Baffler no. 38 presents an eclectic array of musings on the cults, sects, and holy orders populating the cybernated badlands and civic swamps of our accursed epoch. From Barbara Ehrenreich on the agonizing postmodern asceticism that is fitness culture, to Ann Neumann on the Mexican folk idol who’s been conscripted into the drug wars, we’re tipping the innumerable, and often unchallenged, sacred cows of the Trump era. Jessica Loudis travels all the way to Georgia to investigate a new wave of Stalin nostalgia, while Bruce Bartlett pines for a Republican Party actually invested in economics. And Eugene McCarraher scrutinizes the deranged doctrines of Ayn Rand, chief theologian of the neoliberal church of capital.

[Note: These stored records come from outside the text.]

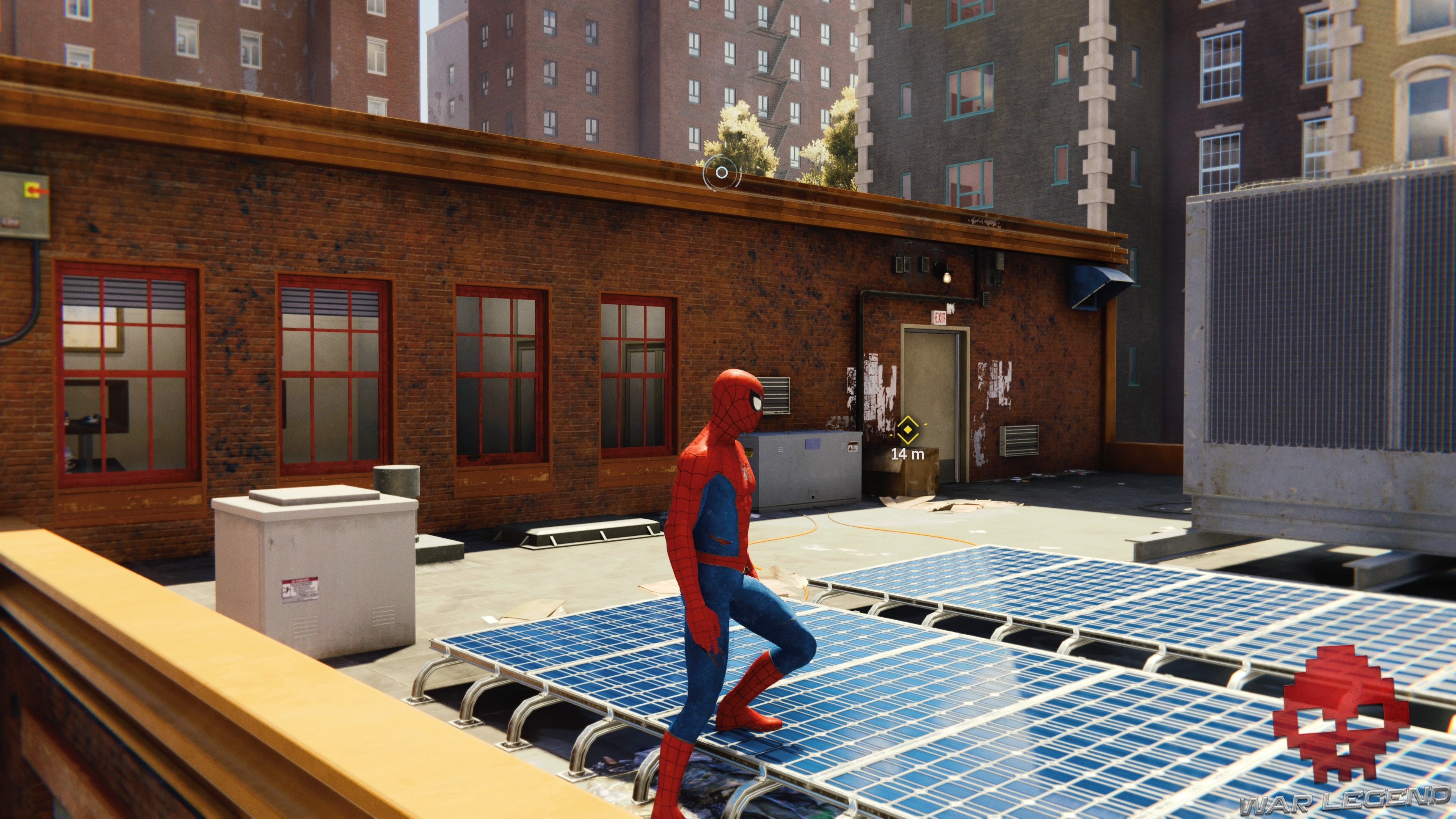 Spiderman est sur un toit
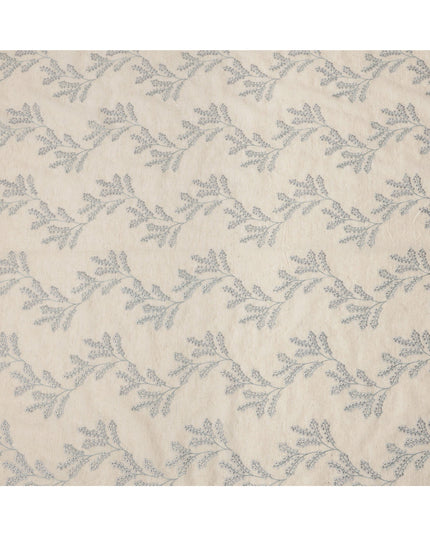 قماش فوال قطني مطرز بزهور زرقاء، قاعدة بيج، 110 سم، الهند - D24676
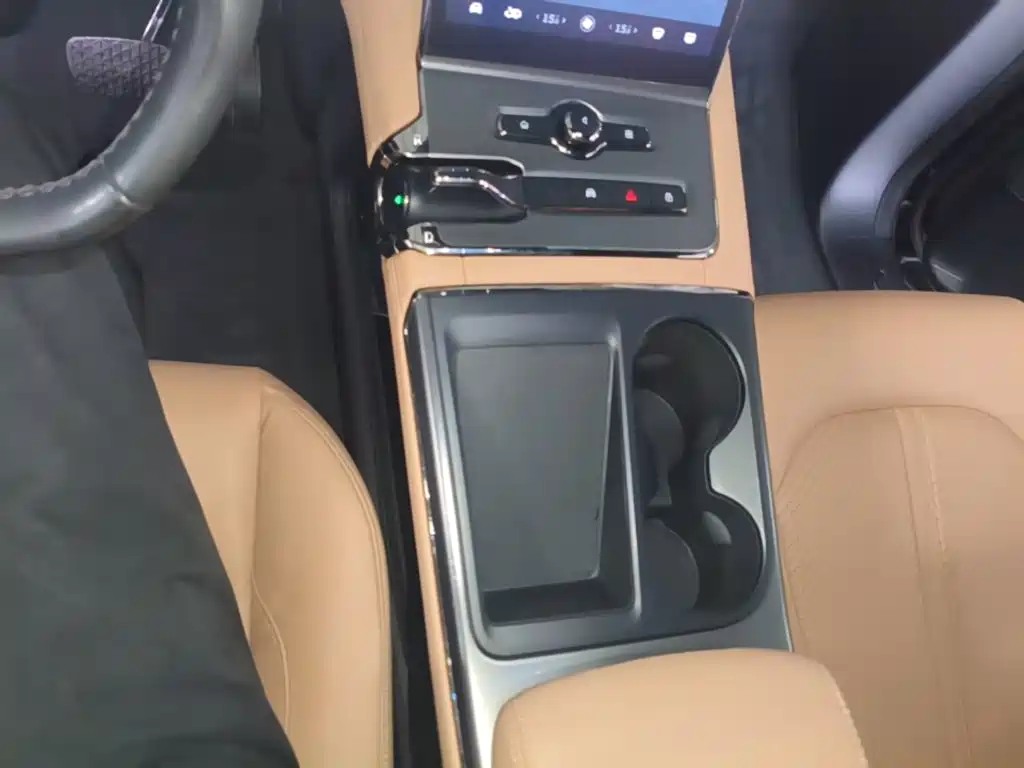 NIO ES6 — миниатюра 14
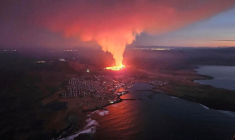 Une éruption volcanique dans la péninsule de Reykjanes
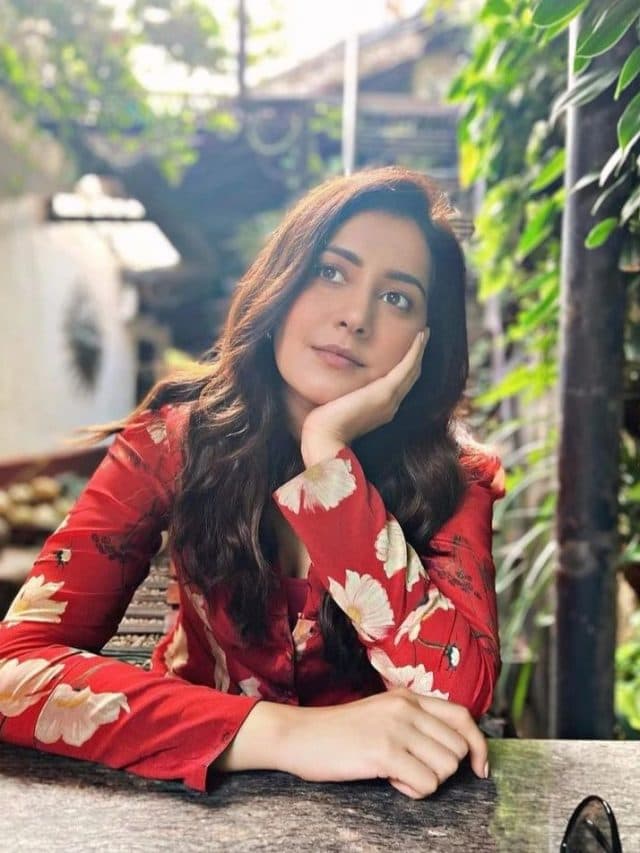 हर क्लास में टॉपर रही, बनना चाहती थी IAS Officer, लेकिन बन गई Actress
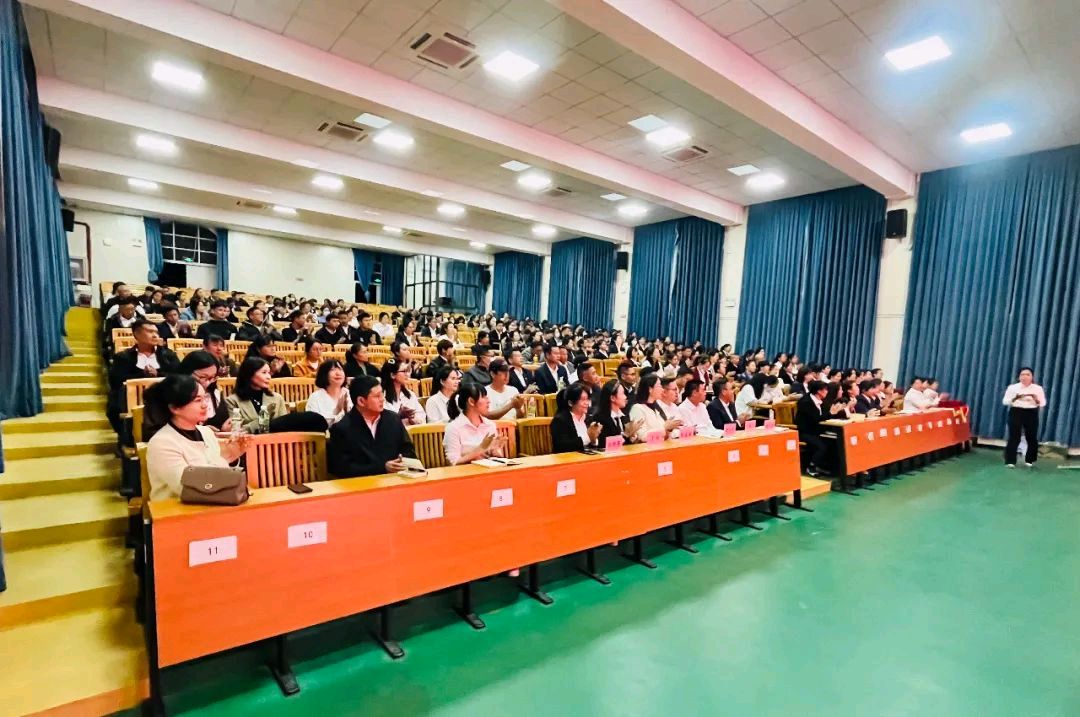 【允美教育集团】征程万里风正劲,硕果累累映日新——西双版纳州允景洪小学允美教育集团总结表彰大会(图3)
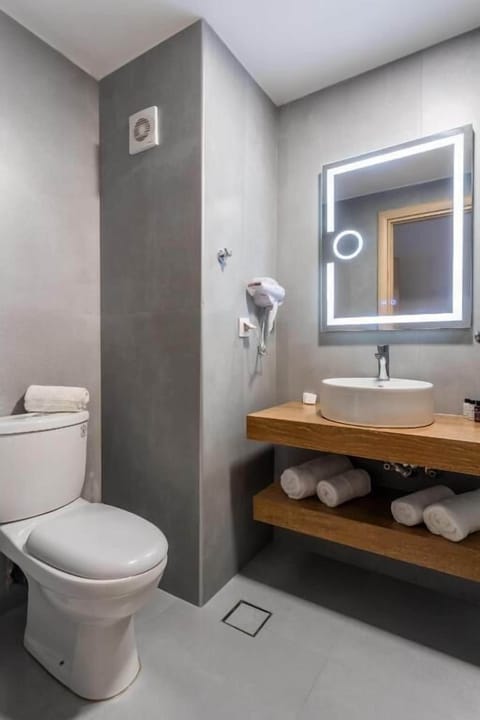 Free toiletries, hair dryer, towels, soap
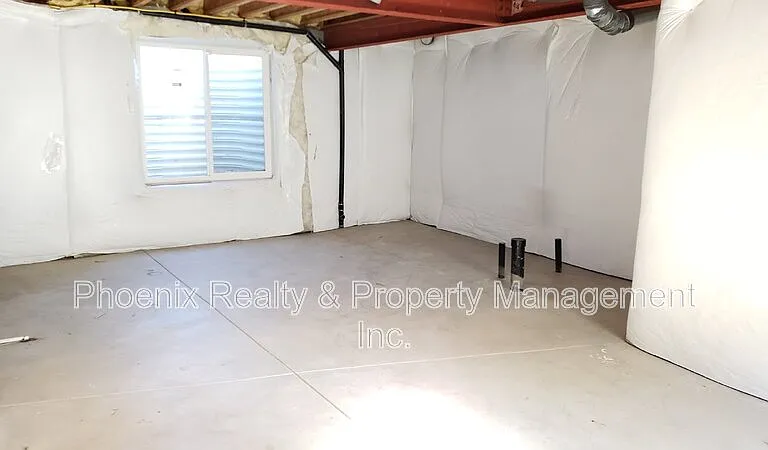 302 Saint Ida Cir — Photo 23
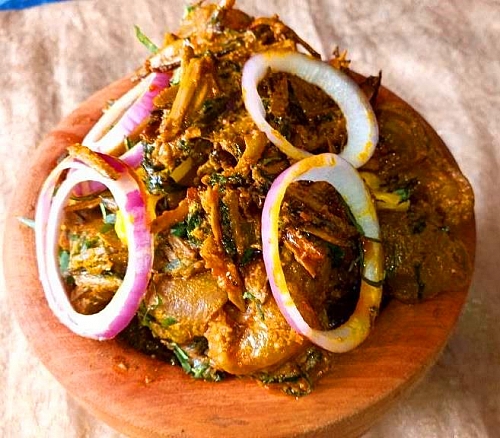 Nkwobi is ready. This meal is best served in a wooden traditional plate, but you can serve it the way you want it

Lest we forget the shibboleths of tech: there’s Corey Pein’s exploration of the impending call-system apocalypse, David Golumbia’s salvo on the overeager proponents of Bitcoin and other cryptocurrencies, and Aaron Timms’s deep dive down the capital-flush halls of the predictive data industry. Even the world of entertainment—where yesterday’s cult film fandoms united loners and weirdos in the pursuit of truly subversive art—is now the hallowed ground of streaming-service movie buffs and chino-clad yuppies seeking obscure films without the IRL community they once offered, according to Judy Berman. It’s enough to make even the most stalwart among us don our tin foil hats and settle in for whatever apocalyptic vision is on offer.